- PROBLEM TO SOLVE: Once you find the line with "this 247×296 image.", copy it and every line after it through the end of the entries below, exactly as written.

[DATA RECORDS — start]

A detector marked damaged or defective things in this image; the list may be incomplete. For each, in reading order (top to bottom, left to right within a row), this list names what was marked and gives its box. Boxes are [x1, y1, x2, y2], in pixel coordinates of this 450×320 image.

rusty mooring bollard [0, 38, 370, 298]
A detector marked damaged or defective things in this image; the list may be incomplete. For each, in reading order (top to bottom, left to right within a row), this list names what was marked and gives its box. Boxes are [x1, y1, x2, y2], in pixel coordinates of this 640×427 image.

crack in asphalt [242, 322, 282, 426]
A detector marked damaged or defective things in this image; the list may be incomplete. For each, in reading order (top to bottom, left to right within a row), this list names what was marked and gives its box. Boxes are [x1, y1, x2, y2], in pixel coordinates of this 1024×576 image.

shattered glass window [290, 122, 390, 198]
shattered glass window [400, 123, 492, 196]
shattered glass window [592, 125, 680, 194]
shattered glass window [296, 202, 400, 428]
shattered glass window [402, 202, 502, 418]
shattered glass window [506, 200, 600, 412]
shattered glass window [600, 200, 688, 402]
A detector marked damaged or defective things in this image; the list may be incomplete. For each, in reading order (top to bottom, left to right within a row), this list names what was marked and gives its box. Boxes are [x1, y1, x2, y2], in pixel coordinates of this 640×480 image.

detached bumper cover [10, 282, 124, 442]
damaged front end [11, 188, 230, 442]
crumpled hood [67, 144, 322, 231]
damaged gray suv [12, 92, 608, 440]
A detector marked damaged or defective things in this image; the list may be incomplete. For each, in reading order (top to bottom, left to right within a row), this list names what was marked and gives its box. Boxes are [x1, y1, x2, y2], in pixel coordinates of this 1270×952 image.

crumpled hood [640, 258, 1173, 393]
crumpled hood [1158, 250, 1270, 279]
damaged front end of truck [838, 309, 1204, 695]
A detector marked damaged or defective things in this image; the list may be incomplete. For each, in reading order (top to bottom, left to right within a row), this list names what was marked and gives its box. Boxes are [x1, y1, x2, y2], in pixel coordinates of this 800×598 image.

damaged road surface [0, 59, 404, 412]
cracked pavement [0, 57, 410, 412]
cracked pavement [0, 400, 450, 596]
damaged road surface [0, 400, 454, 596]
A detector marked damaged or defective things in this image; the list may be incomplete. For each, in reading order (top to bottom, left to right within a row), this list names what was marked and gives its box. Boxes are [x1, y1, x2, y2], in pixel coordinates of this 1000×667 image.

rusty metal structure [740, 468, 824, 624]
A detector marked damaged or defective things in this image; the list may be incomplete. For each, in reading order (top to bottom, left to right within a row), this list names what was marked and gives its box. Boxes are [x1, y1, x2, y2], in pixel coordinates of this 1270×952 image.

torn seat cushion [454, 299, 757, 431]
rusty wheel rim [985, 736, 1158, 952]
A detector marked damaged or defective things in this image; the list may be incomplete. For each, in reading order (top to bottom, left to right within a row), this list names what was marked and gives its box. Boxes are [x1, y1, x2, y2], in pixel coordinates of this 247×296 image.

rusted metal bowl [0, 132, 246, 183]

[DATA RECORDS — finish]

- OUTPUT:
A detector marked damaged or defective things in this image; the list may be incomplete. For each, in reading order (top to bottom, left to right within a row), this list names what was marked and gives its box. Boxes are [x1, y1, x2, y2], in pixel coordinates of this 247×296 image.

rusted metal bowl [0, 132, 246, 183]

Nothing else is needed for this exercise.